Regarding how many divergences - it varies dependent upon the scale of the main effect, e.g. beta_two in the example above. For large beta_two I get no divergences, small I get quite a few. Still those are not as plentiful as the “max_tree_depth” transition warnings. Nearly all of my samples (say 98-100)% will “have exceeded max tree_depth”.

I’m guessing the posterior geometry specific to this data structure is complex - obviously it’s not exactly smooth.

I was looking at the change point model earlier today - I’ll take another look at that and see if I can find a similarity that will solve my problem.

In the meantime - I have some working demos here that should illustrate exactly what I’m going for - unfortunately, they’re no longer producing the same results on the upgraded version of Stan I’m now using.

1 Like

This is just a suggestion.

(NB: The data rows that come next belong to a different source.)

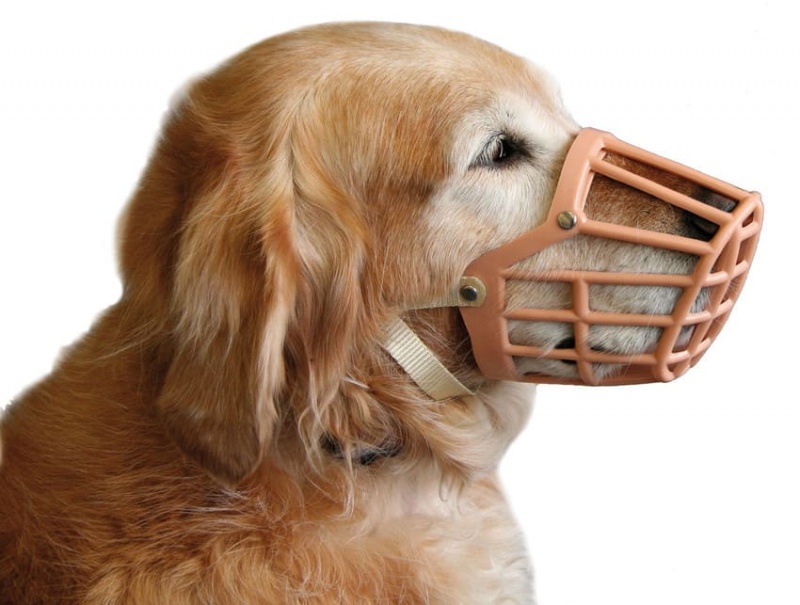 SP Maulkorb aus Kunststoff, Grösse 3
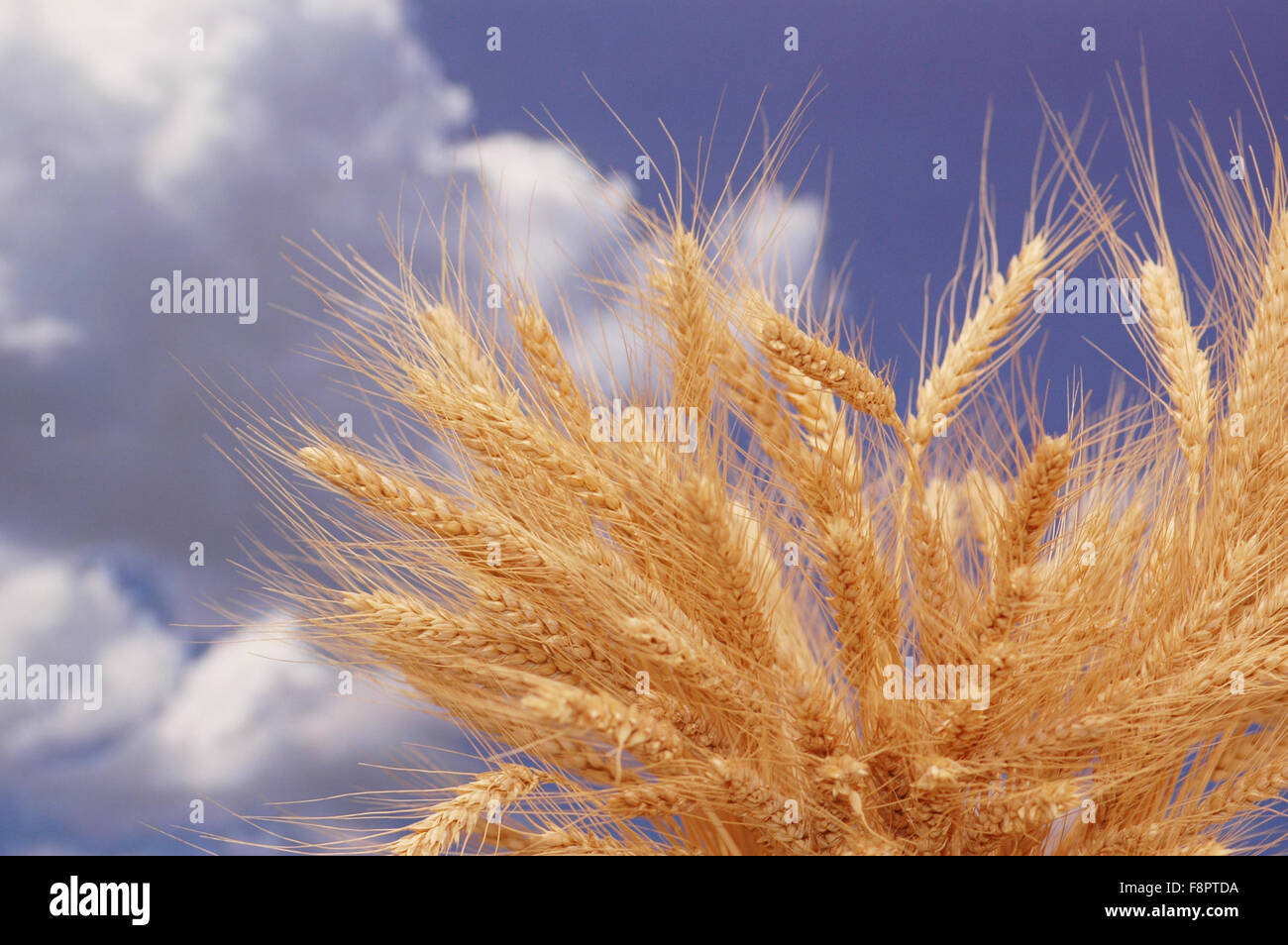 Wheat ears against the blue cloudy sky Stock Photo - Alamy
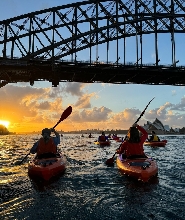 雪梨港日出獨木舟體驗（含早餐）
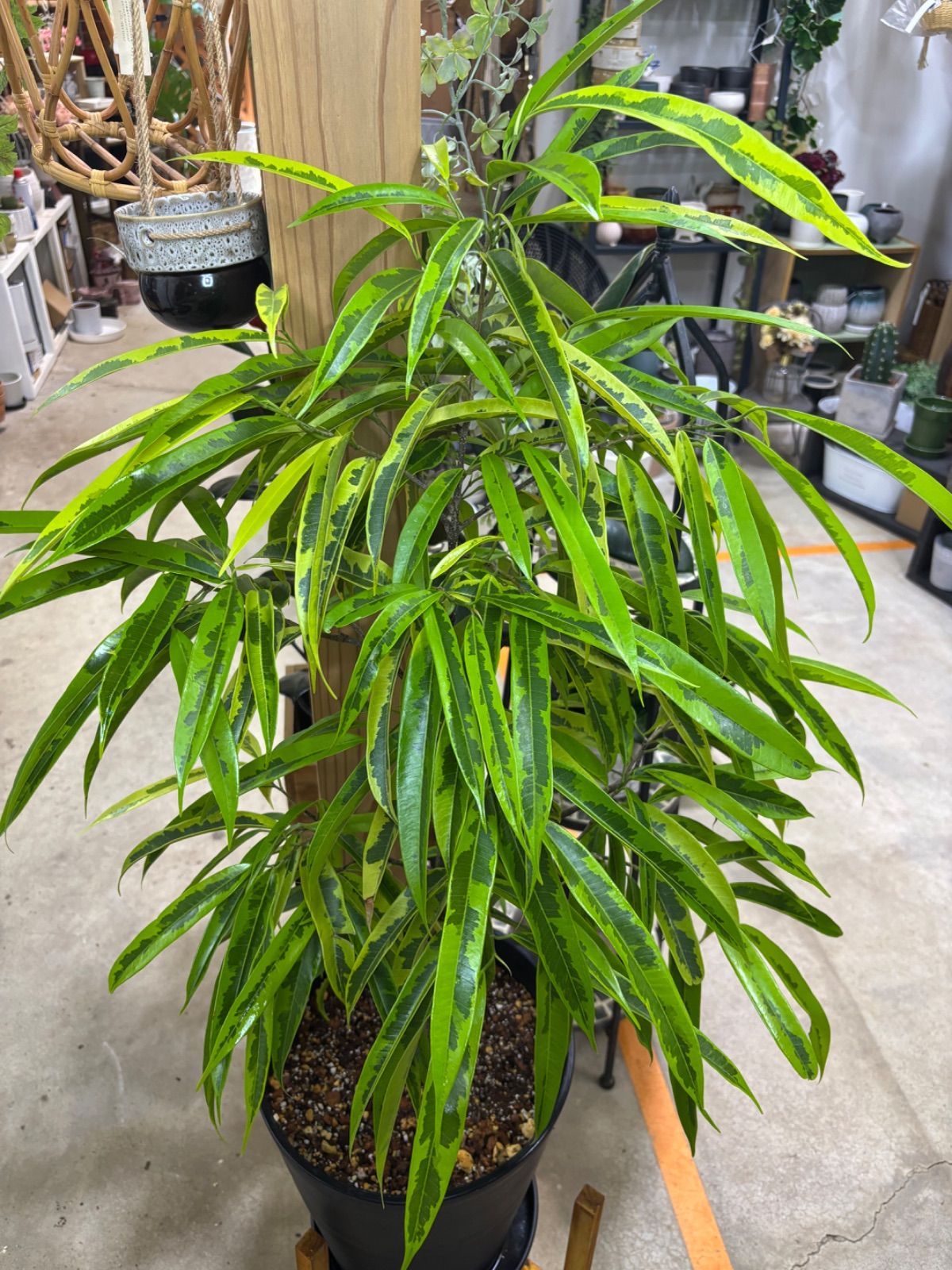 斑入り ショウナンゴム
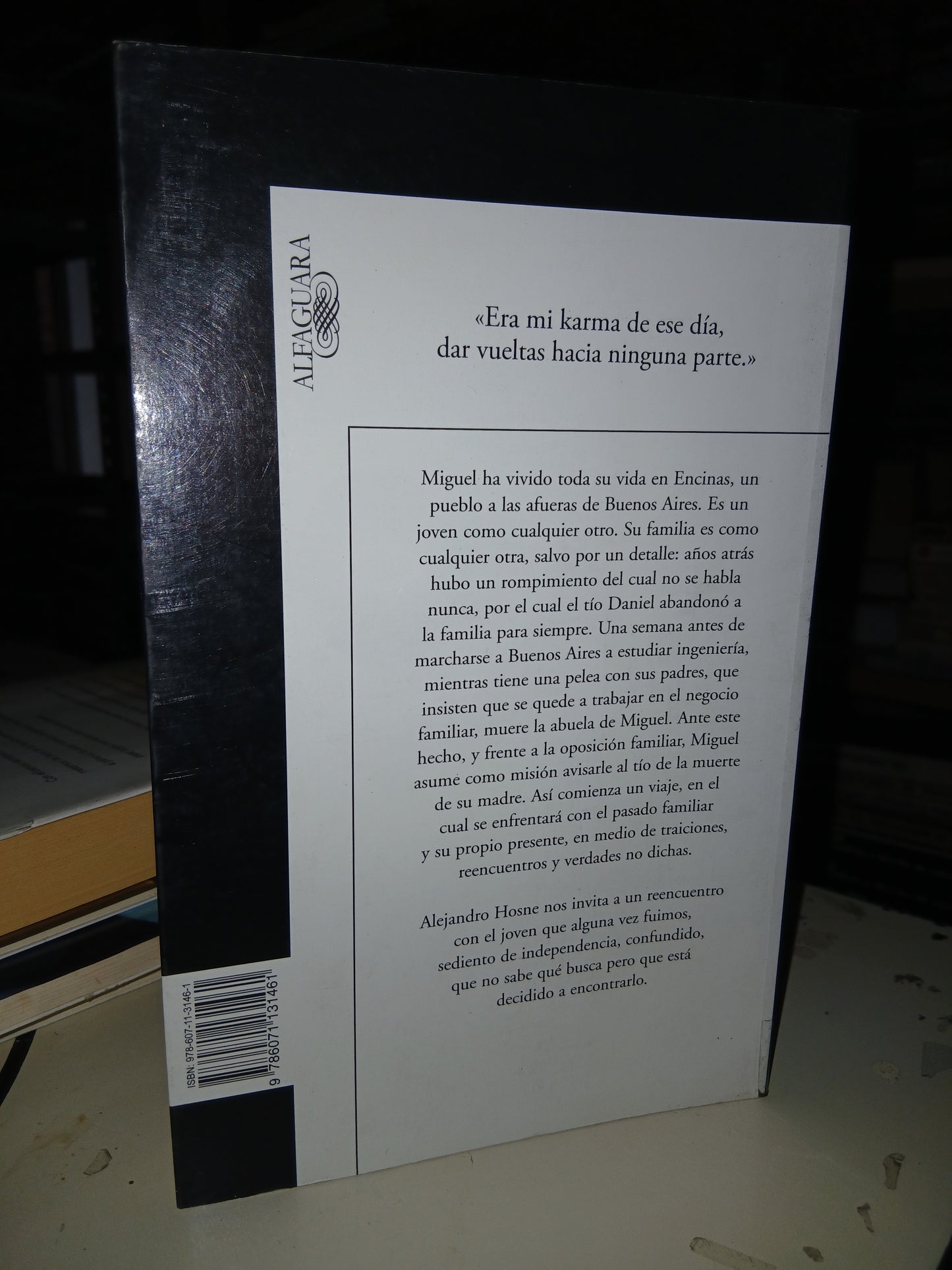 TODO LO DEMÁS ES MENTIRA POR ALEJANDRO HOSNE USADO NOVELA LITERARIO 207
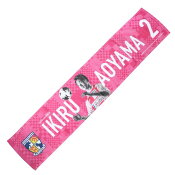 テゲバジャーロ宮崎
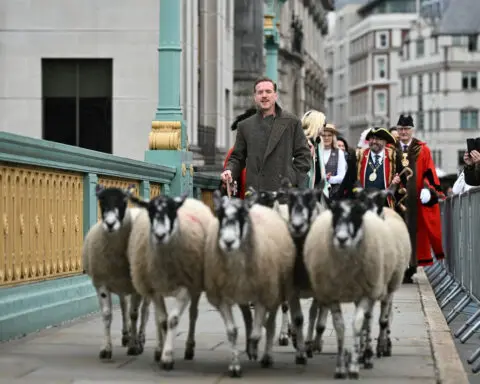 Why Damian Lewis is herding sheep in London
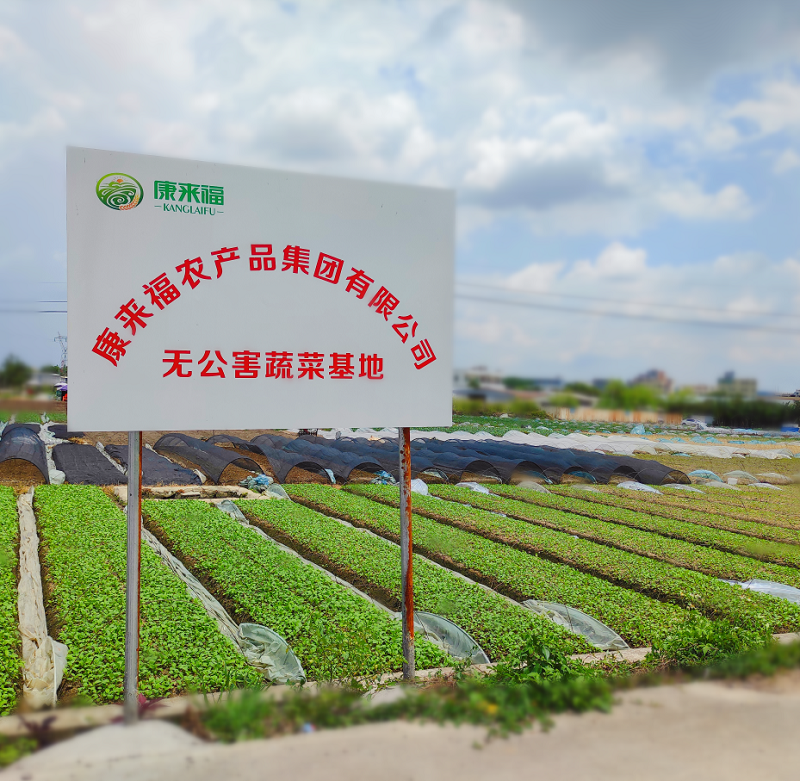 康來(lái)福蔬菜基地 康來(lái)福蔬菜基地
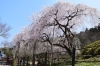 桜スポット特集 佐世保市 佐々町 波佐見町 川棚町の花見スポット まいぷれ 佐世保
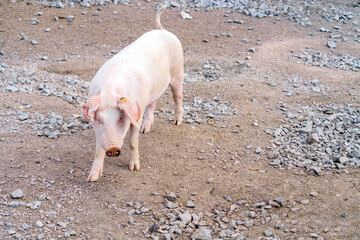 Pig on the farm. Domestic animal is a young pig.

You are building in a discontinuity in the transformed parameters which HMC does not like. If that is not a hard, physical condition, you can make it smoother by making your X_dist a probability. Something like

parameters{
  ...
  real<lower=0> lambda;
}
transformed parameters{
vector<lower=0, upper=1>[N] Xp;
Xp = invlogit(lambda(theta - dist));
}

The lambda controls the steepness of the invlogit transform. With lambda --> infinity, you get your model. You can just plug-in Xp for X_dist in the model or you could use a mixture model with probability Xp and two components (which I think is closer in spirit to your original model).

normal_lpdf(X | alpha + x * beta_one + beta_two, sigma);
normal_lpdf(X | alpha + x * beta_one, sigma);
1 Like

Hey @stijn, just checking to make sure I understand - is there a typo in your last two lines i.e.
it should be:

normal_lpdf(y |alpha + x* beta_one + beta_two, sigma);
normal_lpdf(y| alpha + x* beta_one, sigma);

not

normal_lpdf(X |alpha + x* beta_one + beta_two, sigma);
normal_lpdf(X| alpha + x* beta_one, sigma);

I like both ideas and I’ll see if I can develop them further.

Yes! Sorry about that.

To simulate data, you need to simulate from the priors. You didn’t include any priors, so it’s unclear how you simulated data. The model and simulation should match, and then you are guaranteed to get appropriate posterior coverage (i.e., calibrated posteriors) for data simulated from the priors. You might want to check out the paper by Cook, Gelman, and Rubin on sampling software validation.